Développer et répandre les principes d’une constitution libre, est sans doute le premier devoir d’une institution qui datte de l’époque de la liberté françoise : la société de 1789 sera fidelle à ce devoir. En même tems que ses travaux se dirigeront vers son principal but, qui est la recherche des principes et des moyens de perfectionnement, de l’art social, elle consacrera aussi ses veilles à faire une heureuse application de ces principes à la constitution et à la félicité nationale.
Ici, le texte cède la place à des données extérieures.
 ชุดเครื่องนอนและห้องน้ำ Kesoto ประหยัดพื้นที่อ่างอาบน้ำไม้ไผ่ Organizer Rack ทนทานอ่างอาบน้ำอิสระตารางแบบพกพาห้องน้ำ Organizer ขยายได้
Pour remplir ces différentes vues, le premier moyen devoit être la publication d’un journal, qui ne fut point une collection de nouvelles, de faits et de pièces, mis au jour sans choix et sans liaison, à mesure qu’ils se présentent ; mais plutôt un recueil de mémoires sur les diverses parties, et surtout l’ensemble de l’économie sociale, ou même d’observations sur les événemens qui intéressent les principes et les progrès de cette science, aussi nouvelle qu’elle est étendue.
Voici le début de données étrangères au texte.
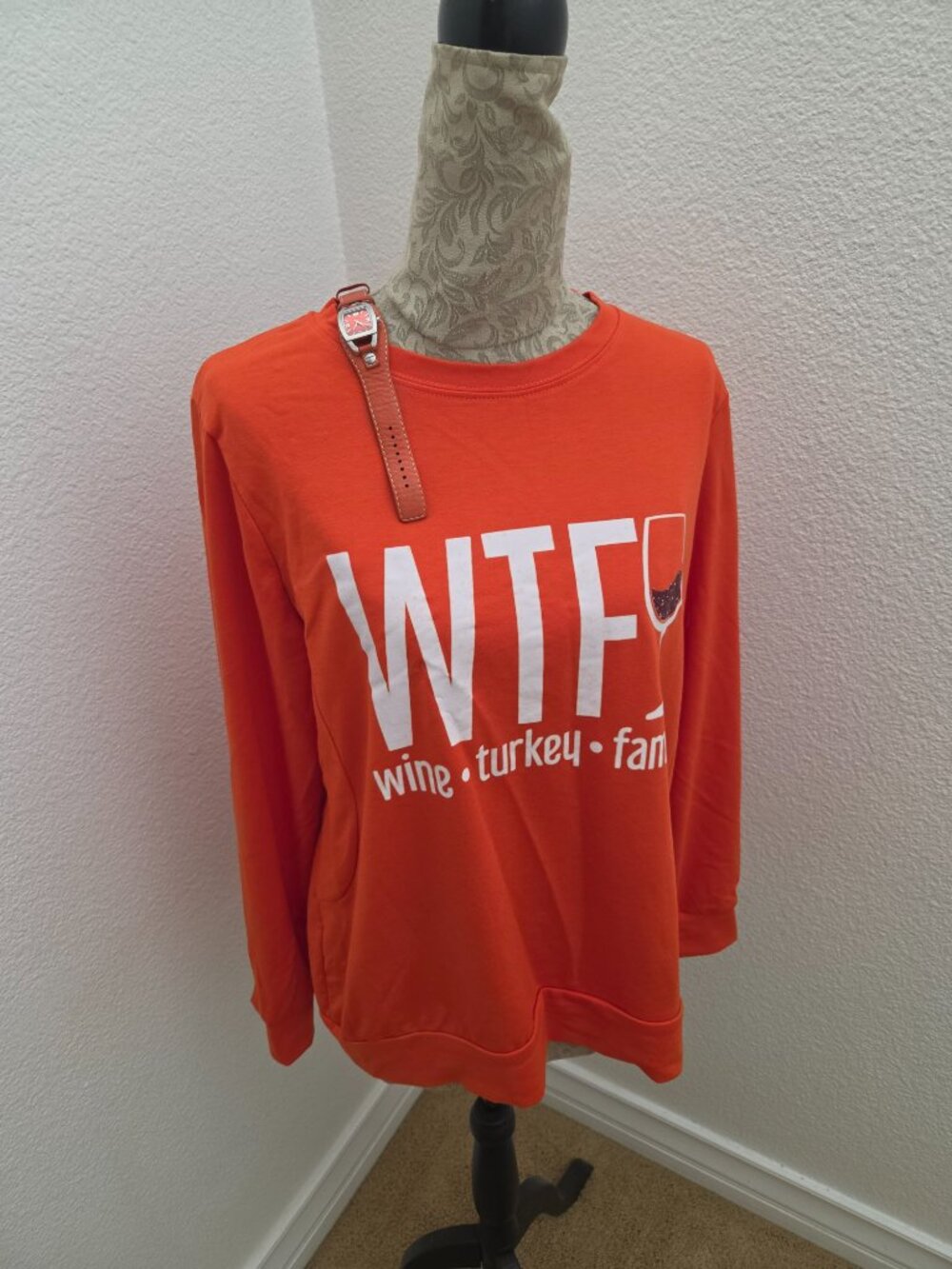 Fossil Watch & WTF Crewneck Long Sleeve Top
Le journal de la Société de 1789 a été conçu dans cette idée. Il sera divisé en cinq chapitres, dont les titres différens indiquent les divers objets.


Chapitre premier.

Art social.

Ce chapitre contiendra des dissertations, des mémoires, des remarques sur les principes des constitutions, des corps législatifs, des gouvernemens, des administrations, sur l’agriculture, le commerce, les finances, l’enseignement public, sur les loix et les tribunaux ; enfin sur tous les élémens du système social, et sur leur accord avec le vœu de la nature et le bonheur des hommes.


Chapitre II.

Correspondance nationale.

On y rendra-compte des travaux des différences sociétés patriotiques, ainsi que des établissemens publics qui se formeront dans tous les départemens du royaume. Les difficultés qui se présenteront dans l’exécution des loix qui vont régir la France ; soit relativement à l’organisation actuelle du royaume, ou sous tout autre rapport, y seront exposées, discutées, et on essaiera de les résoudre, d’après les principes constitutifs du nouveau droit public françois, et surtout d’après les règles invariables puisées dans la nature des choses et dans les droits des citoyens.


Chapitre III.

Correspondance étrangère.

Les principaux événemens politiques qui intéressent les deux hémisphères, les traités, les forces respectives et les vues présumées des puissances ; la situation actuelle, tant intérieure qu’extérieure, des différentes nations, surtout leur avancement dans l’art social ; l’utilité et les dangers de leurs institutions particulières y seront présentés, en considérant les intérêts des gouvernemens, sur-tout dans leur rapport avec l’intérêt des gouvernés, et les relations des cabinets dans leur influence sur le bonheur ou le malheur des peuples.


Chapitre IV.

Assemblée nationale.

Sans s’astreindre à la marche de ses travaux, on en donnera les résultats les plus importans, on en développera les principes, soit en présentant, par une analyse rapide, le tableau de la discussion contradictoire, soit en expliquant l’esprit des décrets par de nouvelles considérations.


Chapitre V.

Variétés.

Une notice des ouvrages utiles dans toutes les langues, les encouragemens à donner aux arts et aux talens, en France et chez l’étranger, la description et le dessin des machines et des découvertes les plus remarquables ; enfin différens morceaux de morale ou de philosophie, où le précepte sera revêtu des formes et des couleurs de l’imagination, entreront dans ce chapitre. On y proposera aussi quelquefois des questions sur divers points de législation et d’économie politique : on publiera, soit en détail, soit par analyse, les diverses opinions propres à répandre la lumière sur ces questions.